WORK ITEM —
Every line from the start of the records below to the line containing "浮気相手に慰謝料を請求できる条件とは" should be retyped exactly, that line included, and no others.
[DATA EXCERPTS Boundary: Start]
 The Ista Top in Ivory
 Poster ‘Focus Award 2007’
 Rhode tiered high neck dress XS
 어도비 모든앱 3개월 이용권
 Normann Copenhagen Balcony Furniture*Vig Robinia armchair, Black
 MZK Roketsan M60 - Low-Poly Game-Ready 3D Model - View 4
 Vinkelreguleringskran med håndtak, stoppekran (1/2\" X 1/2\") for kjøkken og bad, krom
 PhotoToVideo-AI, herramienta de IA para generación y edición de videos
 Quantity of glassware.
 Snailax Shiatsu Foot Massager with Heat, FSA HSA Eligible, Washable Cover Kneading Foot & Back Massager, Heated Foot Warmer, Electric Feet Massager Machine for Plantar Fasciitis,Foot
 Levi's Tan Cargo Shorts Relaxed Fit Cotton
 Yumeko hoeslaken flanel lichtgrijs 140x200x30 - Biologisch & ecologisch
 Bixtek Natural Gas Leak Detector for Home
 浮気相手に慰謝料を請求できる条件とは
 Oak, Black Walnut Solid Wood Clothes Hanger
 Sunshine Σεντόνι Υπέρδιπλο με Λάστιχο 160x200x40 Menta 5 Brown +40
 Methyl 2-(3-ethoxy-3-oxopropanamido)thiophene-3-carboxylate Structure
[DATA EXCERPTS Boundary: End]
WRITTEN SOLUTION —
 The Ista Top in Ivory
 Poster ‘Focus Award 2007’
 Rhode tiered high neck dress XS
 어도비 모든앱 3개월 이용권
 Normann Copenhagen Balcony Furniture*Vig Robinia armchair, Black
 MZK Roketsan M60 - Low-Poly Game-Ready 3D Model - View 4
 Vinkelreguleringskran med håndtak, stoppekran (1/2\" X 1/2\") for kjøkken og bad, krom
 PhotoToVideo-AI, herramienta de IA para generación y edición de videos
 Quantity of glassware.
 Snailax Shiatsu Foot Massager with Heat, FSA HSA Eligible, Washable Cover Kneading Foot & Back Massager, Heated Foot Warmer, Electric Feet Massager Machine for Plantar Fasciitis,Foot
 Levi's Tan Cargo Shorts Relaxed Fit Cotton
 Yumeko hoeslaken flanel lichtgrijs 140x200x30 - Biologisch & ecologisch
 Bixtek Natural Gas Leak Detector for Home
 浮気相手に慰謝料を請求できる条件とは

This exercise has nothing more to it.